# ENP July 18 and 19



## Capt. Moose (Dec 12, 2015)

Where did you leave your bag? At the ramp?


----------



## DBStoots (Jul 9, 2011)

Capt. Moose said:


> Where did you leave your bag? At the ramp?



I think I set it down beside the skiff while fueling at the Marathon station. Happy to have the wallet back, but will miss the cash! I'm pretty sure it was over $300.


----------



## Capt. Moose (Dec 12, 2015)

DBStoots said:


> I think I set it down beside the skiff while fueling at the Marathon station. Happy to have the wallet back, but will miss the cash! I'm pretty sure it was over $300.


Bummer about the cash but at least you got everything else back..


----------



## lemaymiami (Feb 9, 2007)

How long was the bag out of your control?
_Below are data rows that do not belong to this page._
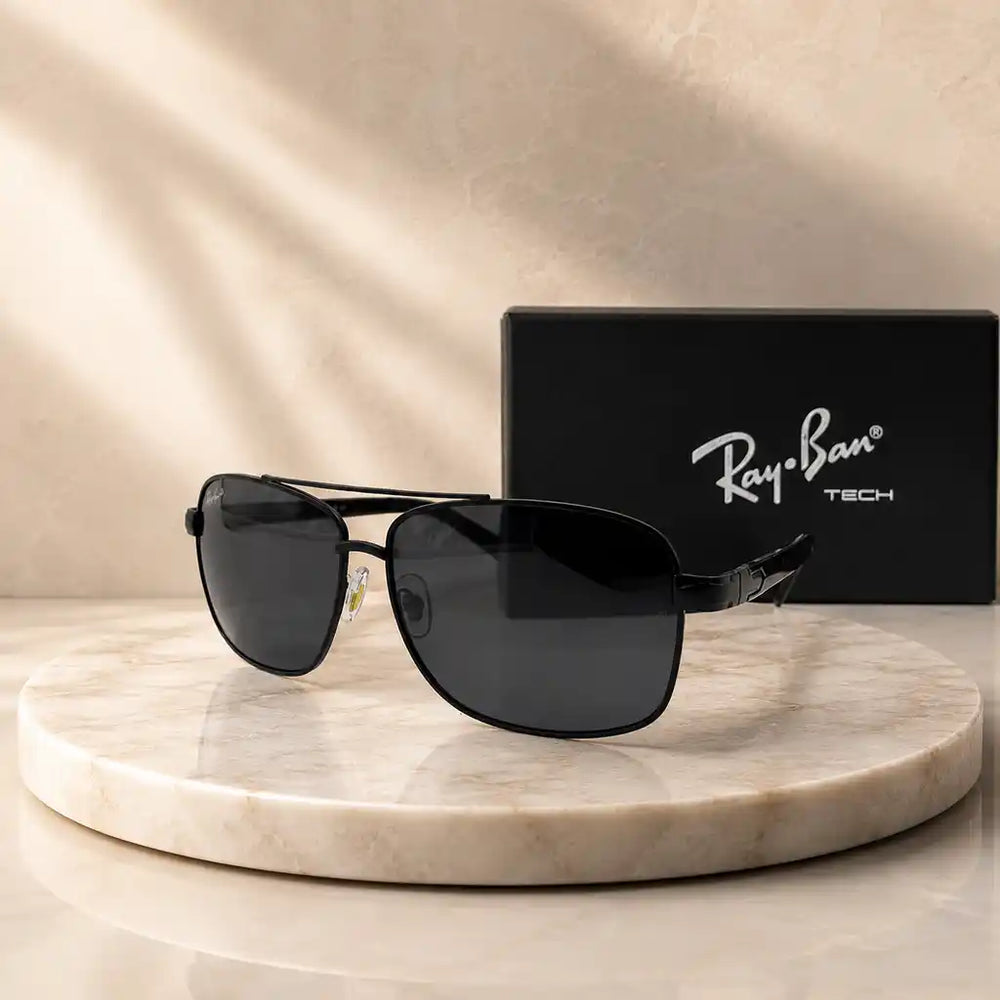 RayBan RB4487 Black Polarized Square Sunglasses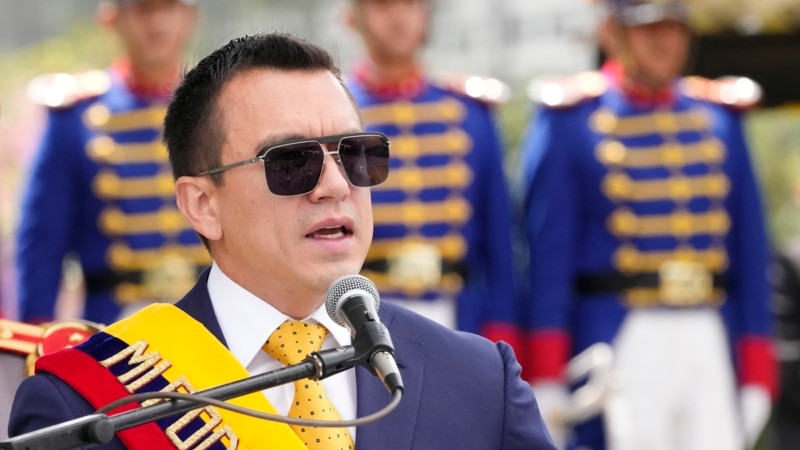 Presidente Noboa denuncia “berrinche” de Maduro.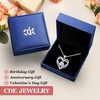 image:imageCDE 18K Rose Gold Heart Pendant Necklaces Gift Birthstone Jewelry Gift06JuneWG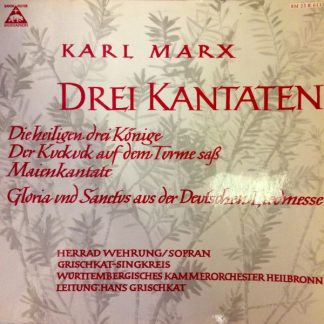 Bärenreiter-Musicaphon BM 25 R 611 - Karl Marx (3), Herrad Wehru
I ask because in today’s world it’s very possible for someone to roll up a score on your cards in only an hour or two… Pay very close attention to your next credit bills…


----------



## Clamfoot (Jun 21, 2021)

Sorry to say it but it comes from experence, cancel the cards.
"They" have your address, cc number, and the card's CSV code. 
Not everyone is as honest as us fishermen.


----------



## Clamfoot (Jun 21, 2021)

Rucksack aside, it sounds like a well-planned day and pretty fishy payoff.
The rest is just the price of admission some days


----------